A subtle trap tends to ensnare me. I clean to "create space" for friends to visit. I reorganize to "create space" for smooth preparations. I straighten to "create space" for downtime with God. All this labor can lead me into a future I never experience fulfilled.
There is a security in that, as my little categories have an even more defining line: family time, friends time, God time. Thank God they don't overlap, because that would be much too complicated....
Wait, did I just say that out loud?
The twist I'm learning to claim as truth: cleaning, reorganizing, and straightening are acts of worship. Instead of doing them so that I can have time to worship, I'm learning to participate as an act of worship. God is there with me as I de-calcify my espresso machine. He is there as I take out the trash. He is there as I scrub the toilet. He is very present.

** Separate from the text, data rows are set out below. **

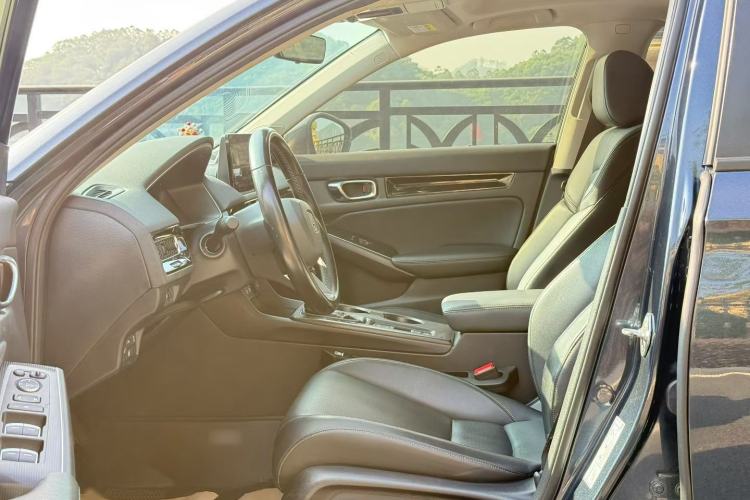 Used Honda Civic 2022 240TURBO CVT Dynamic Control Version
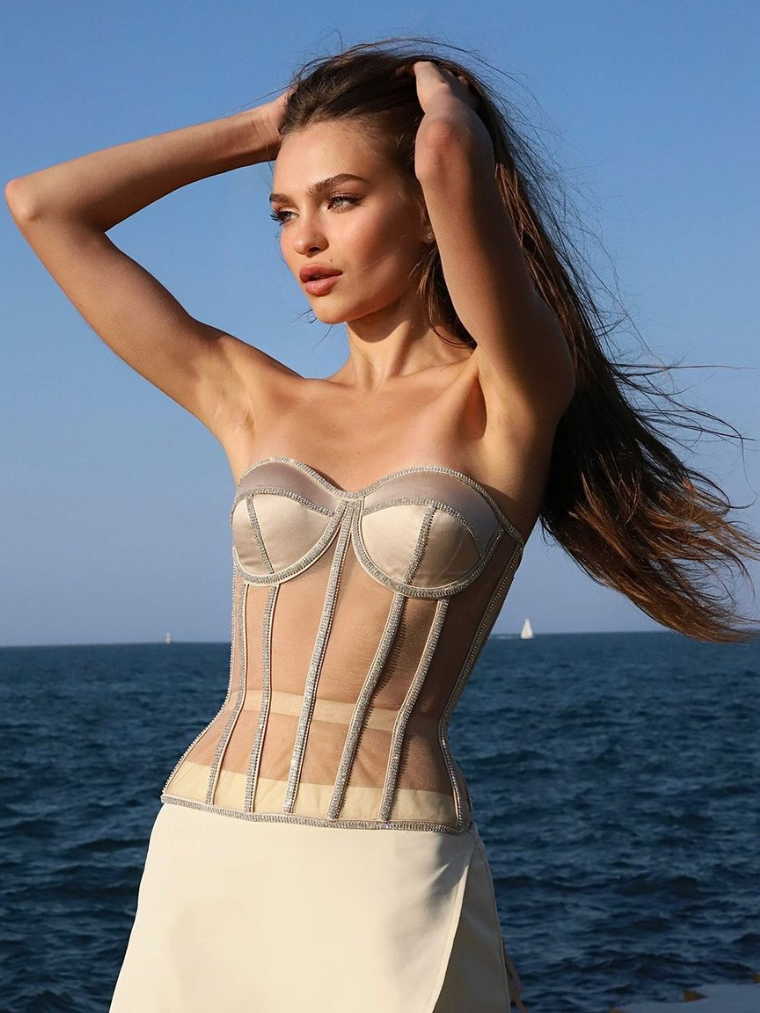 Secret form bra with rhinestones 17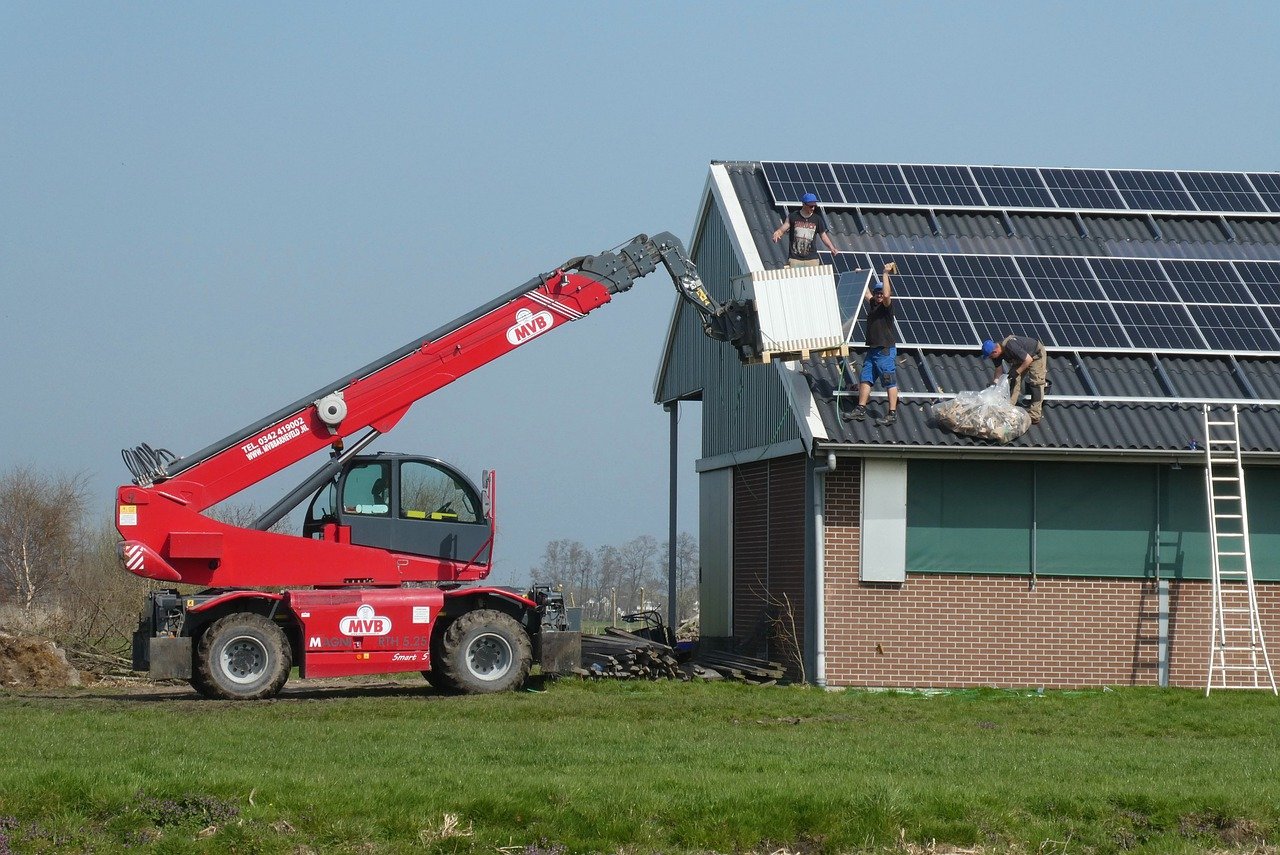 Anbringung Solarkollektoren Haus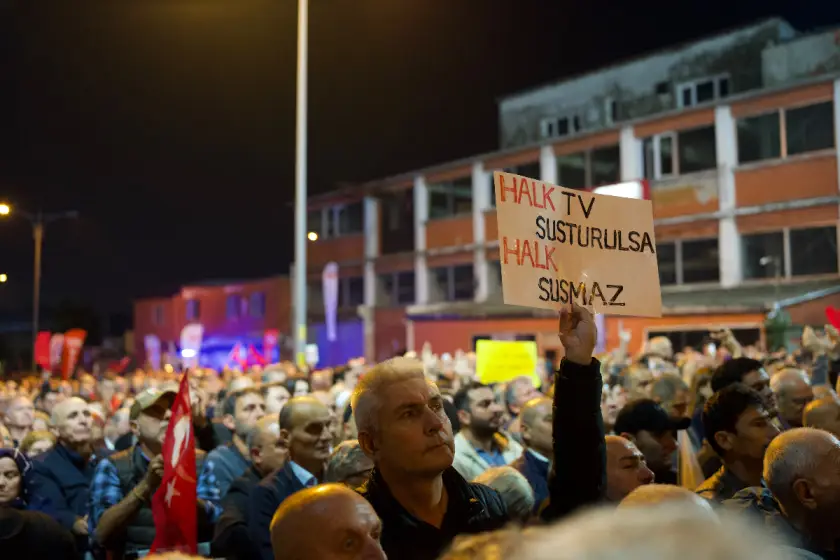 Halk TV için dayanışma mitingi: Gerçeklerin halkla buluşmasını engelleyemeyecekler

Brother Lawrence (at first resentful of his lowly kitchen position in the monastary) said, "We can do little things for God. I turn the case that is frying on the pan for love of Him, and that done, if there is nothing else to call me, I prostrate myself in worship before Him, who has given me grace to work; afterwards I rise happier than a king. It is enough for me to pick up but a straw from the ground for the love of God."
Desiring a familiar, constant conversation with God, I'm praying:
O God, since you are right here in this daily moment with me, I choose to commit my ways to this task at hand. Grant, I pray, that I may continue in Your presence, and fully experience You in the now-here. Amen.